Authored by junbuml on May 3 2016, 12:52 PM.

Details

Summary

This change refactors to decouple the zero store promotion from the narrow ld merge and add a flag (enable-narrow-ld-merge=true) to control the narrow ld merge optimization.

Diff Detail

Repository
rL LLVM

Event Timeline

junbuml updated this revision to Diff 56048.May 3 2016, 12:52 PM
junbuml retitled this revision from to [AArch64] Decouple zero store promotion from narrow ld merge. NFC..
junbuml updated this object.
junbuml added a subscriber: llvm-commits.

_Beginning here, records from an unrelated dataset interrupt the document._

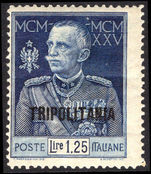 Tripolitania 1925-26 Royal Jubilee 1l25 perf 13½ unmounted mint.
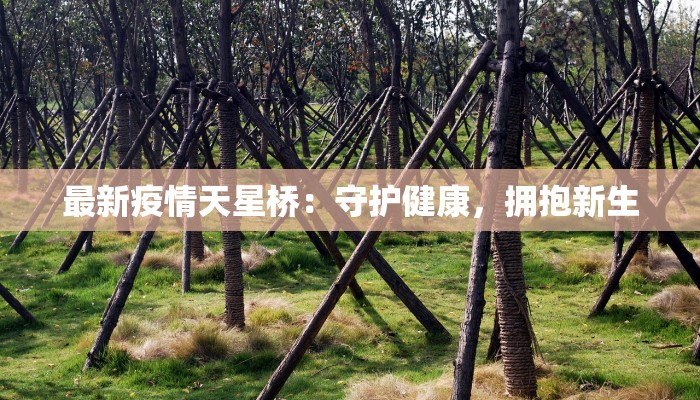 最新疫情天星桥：守护健康，拥抱新生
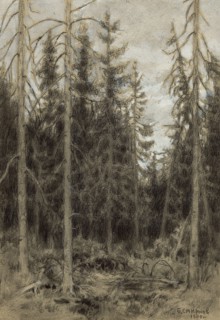 Spruce Taiga near Irkutsk, 1904. Creator: Boris Vasilievich Smirnov.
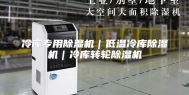 冷库专用除湿机｜低温冷库除湿机｜冷库转轮除湿机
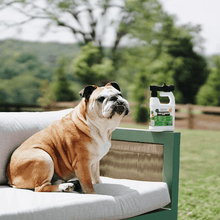 Load image into Gallery viewer, Pet-Friendly Pest Control for fleas, ticks, and mosquitoes. Enjoy the outdoors with Benesafe Solutions Yard & Garden Spray!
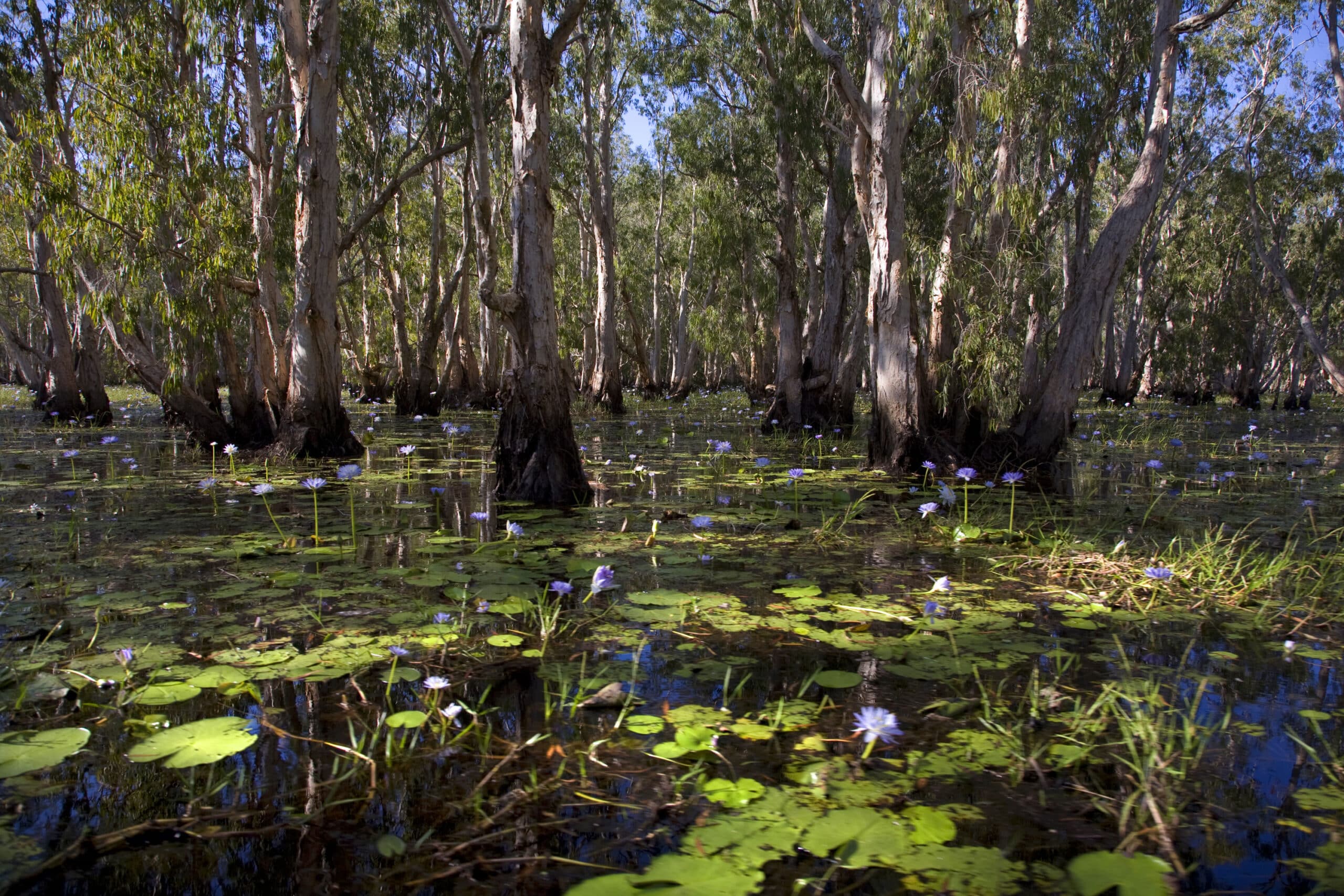 Politics before policy – Why the PM’s intervention turned ‘nature positive’ into a ‘nature negative’ 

In our internal tests, we found performance regressions with the narrow load merge in some cases. Initially, this optimization was driven by the +3% performance gain in spec2006/h264ref that has a load intensive hot loop. However, the gain I was targeting in h264ref is now completely covered by SLP vectorizer.

As this optimization converts two loads into one load with two shift instructions, it could potentially hurt performance if a loop is arithmetic operation intensive.

Through this change I want to let other people run performance test with/without the narrow load merge. If there is no objection I would like to disable the narrow load merge by default in separate patch.

mcrosier accepted this revision.May 3 2016, 1:37 PM
mcrosier edited edge metadata.

LGTM.

This revision is now accepted and ready to land.May 3 2016, 1:37 PM
This revision was automatically updated to reflect the committed changes.